Visualize the blinding light of the divine twisting and swirling above your head.
With either your right hand in the Sword Mudra (index and middle finger extended, other two folded with thumb covering them) or a steel dagger/athame, drive the blade into the light above and draw its lighted tip down to your Ajna Chakra. Vibrate the Hebrew word Ateh (ah-tah, "Thou art"). Imagine that it ignites a shining star where the blade touched.
Draw the blade down to your solar plexus and place the tip of the blade there, vibrating the word Malkuth (Mal-koot, "the kingdom"). Imagine that it lights a shining star there.
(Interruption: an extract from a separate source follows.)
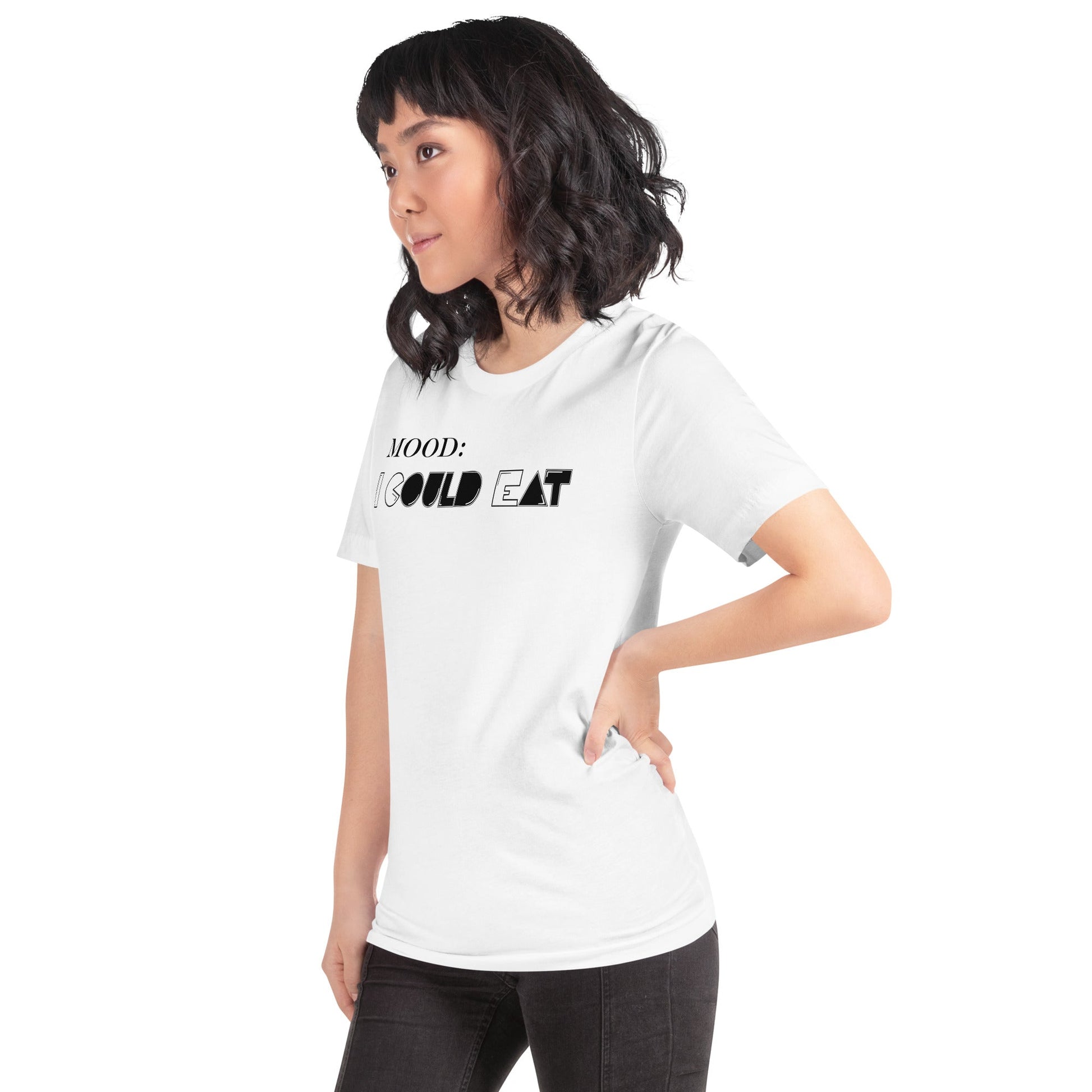 I Could Eat - Mood Gear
Draw the blade up to your right shoulder and touch it there, vibrating the words Veh Geburah (Vay Gay-boo-rah, "the power"), imagine that the blade lights a shining point there as you did the others.
Draw the blade across to your left shoulder and vibrate the words Veh Gedula (Vay Gay-doo-lah, "the glory"). As before, imagine that it lights a shining star on your shoulder.
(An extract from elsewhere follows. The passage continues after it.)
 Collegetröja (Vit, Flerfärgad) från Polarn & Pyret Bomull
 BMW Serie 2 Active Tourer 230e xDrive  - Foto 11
Draw the blade away from you, holding the handle with both hands before your chest. Vibrate the words Le olam (Lay Oh-lahm, "forever"). Now imagine that a blinding white light surges inward from each of the lighted points on your body, meeting at its center, lighting up a blinding cross on your toso.
Once again, raise the blade to the divine light above, take a deep breath and draw it down to your third eye again, releasing the breath and vibrating the word Amen (Ah-men, duh). As you do this, imagine that the cross on your torso suddenly surges with power and explodes upward and outward in a giant column of light along the X and Y axes.